Wood et al[7] conducted a randomized, controlled, pilot study examining differences in treatment by comparing standard of care, biosynthetic dressing, and biosynthetic dressing plus ACS treatment methods. Specifically, their study[7] sought to determine the impact of treatment group on the number of surgeries performed, healing, pain, and scar outcomes. Results revealed patients in the biosynthetic dressing and biosynthetic dressing plus ACS treatment groups had fewer surgeries, shorter mean healing times, reduced maximum pain scores, and less scarring compared with the standard of care burn injury treatment.[7] Researchers identified patients treated with biosynthetic dressing plus ACS were also less likely to require pressure garments,[7] which ultimately decreased costs associated with treatment.[8]
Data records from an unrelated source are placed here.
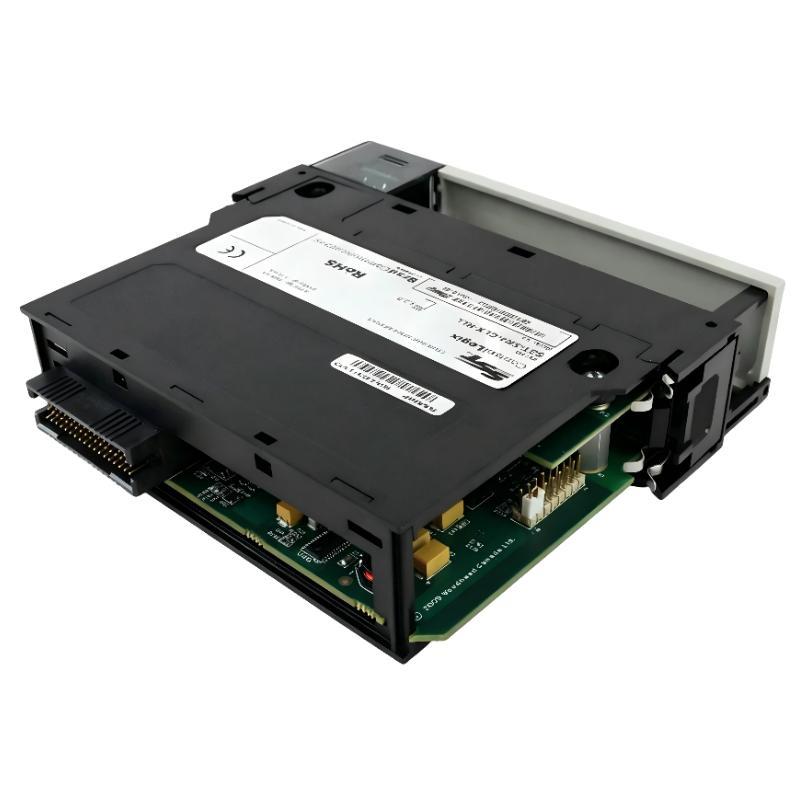 Allen Bradley SST-SR4-CLX-RLL Modbus Serial Communication Module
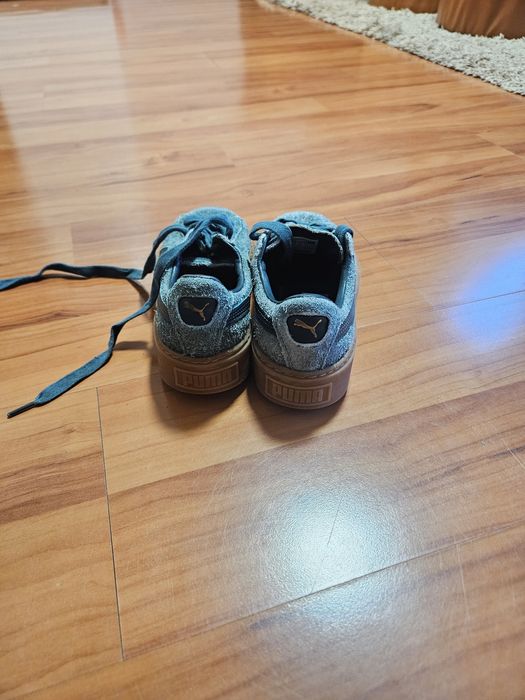 Обувки Пума/puma 36 eu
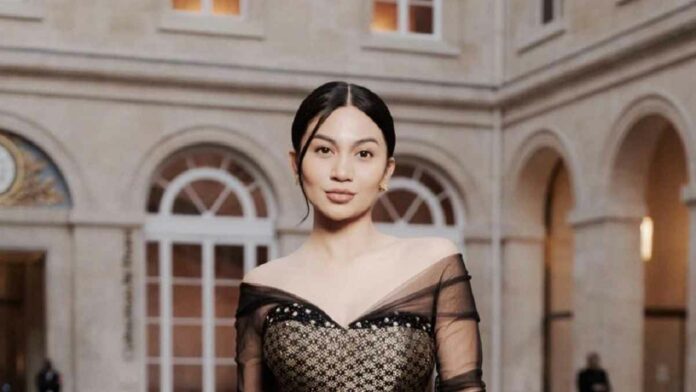 Profil Ariel Tatum, Tahun 2023 Ingin Mulai Membaca Buku Fiksi!
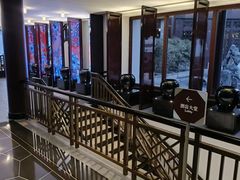 -苏州吴宫泛太平洋酒店
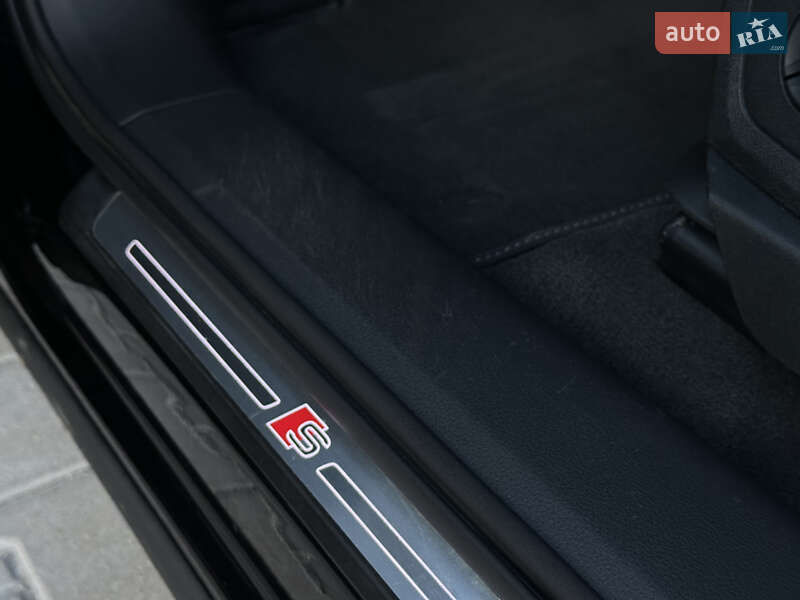 Позашляховик / Кросовер Audi e-tron Sportback 2020 в Тернополі фото 51 Позашляховик / Кросовер Audi e-tron Sportback 2020 в Тернополі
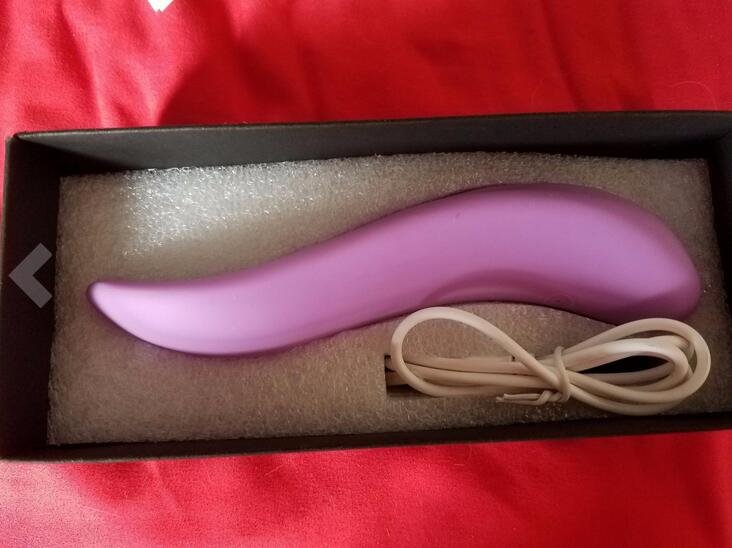 flick clitoral vibrator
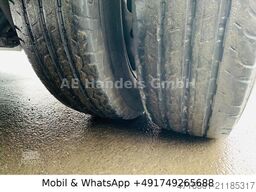 MERCEDES-BENZ Sprinter II 518 CDI *16+1/Klima/Schlafsitze/TV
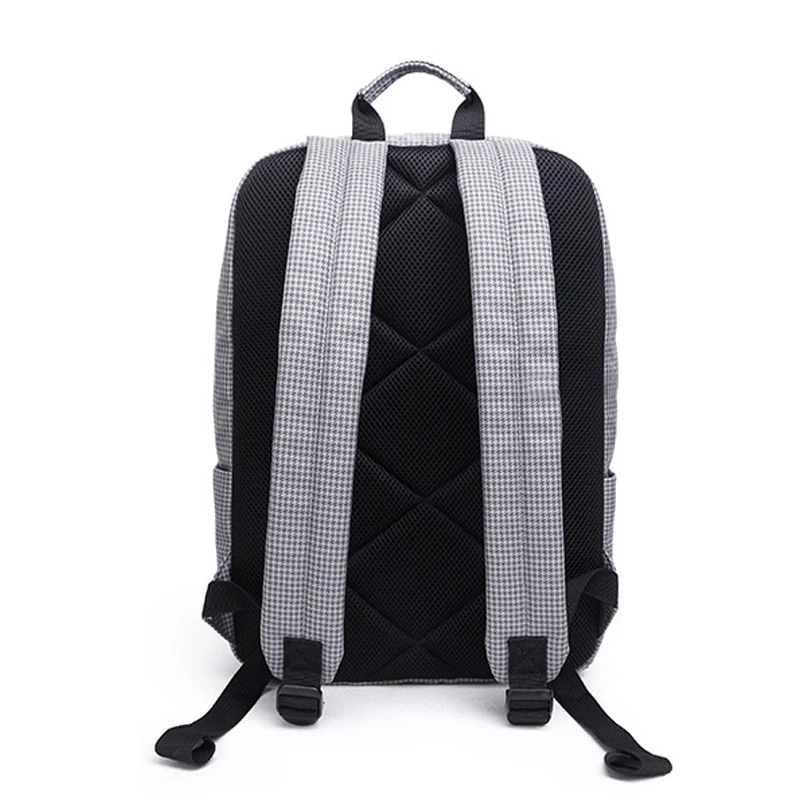 Большой USB рюкзак для ноутбука мужчин и женщин 2018 бизнес путешествия школьная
Further, Wallace et al[9] conducted a prospective case-controlled study to examine clinical factors impacting the development of a raised scar following the use of ACS on mid-dermal, deep-dermal, and full-thickness wounds. The researchers identified that a greater total body surface area (TBSA), wound healing that exceeded 14 days, and increased procedures predicted raised scars in children following surgical intervention.[9] Lastly, Dunne and Rawlins[10] reported a series of pediatric patients with scald burns who received early treatment (within 24–48 hours post injury) with ACS in combination with a biosynthetic dressing for mid to deep partial-thickness injuries. The researchers noted expedited wound closure, decreased donor site morbidity, and improved scar outcome.[10] This report also documented 29% cost savings compared with conventional expectant management with delayed surgery for nonhealing burns.[10] Given the findings from these studies, results suggest ACS may help to decrease the number of surgical interventions performed, pain, and scarring by expediting healing and minimizing donor site areas in pediatric burn patients.[7–10]

No other case reports have appeared in the literature related to the use of ACS in conjunction with STSGs in pediatric patients. The cases presented herein describe the treatment and healing course of 2 pediatric patients treated with ACS in conjunction with STSGs to achieve closure of treatment areas while minimizing areas of donor sites.